Lowlife Nick Solares

Lower East Side restaurant Lowlife left Pete Wells feeling torn between singing its praises and blocking the entrance to warn people from eating there, he writes in his latest review. Initially, he loved the warm, open space and menu items like the guinea hen sausage, hackleback caviar and fluke, and rib-eye cap, he writes. But the more he returned, the more self-important the restaurant felt.

A rib-eye cap, fresh from the charcoal and running with juices, had so much flavor it didn’t really need the anchovy-and-garlic emulsion or the nettle sauce served alongside it. As I chewed, I watched a succession of even bigger hunks of rib-eye, bone and all, leave the grill for the front of the restaurant. Finally it dawned on me: The men in black hats must have heard that Lowlife serves excellent steak.
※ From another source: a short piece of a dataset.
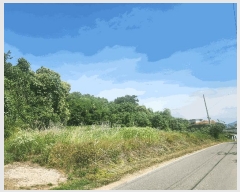  2025Ÿ��72435  �����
What it does best of all is yakitori chicken. Cut up and blackened over charcoal, the bird has deep natural flavor and is brushed with a citrus-tinged glaze that is, by several miles, the best teriyaki sauce I have ever tasted. The squirt of green scallion sauce on the plate has nothing to do there and seems to know it. The crisp and smoky leaves of lightly charred cabbage are vital, though.

As I said, it all started well. But on return visits, I noticed a leaden self-importance that began to feel stifling.

Plus, the prices "can cause squirming," especially when the food comes lukewarm or dishes come out slowly. Lowlife is trying to be cool, Wells says, "but it’s hard to be cool when you’re trying to act important." One star.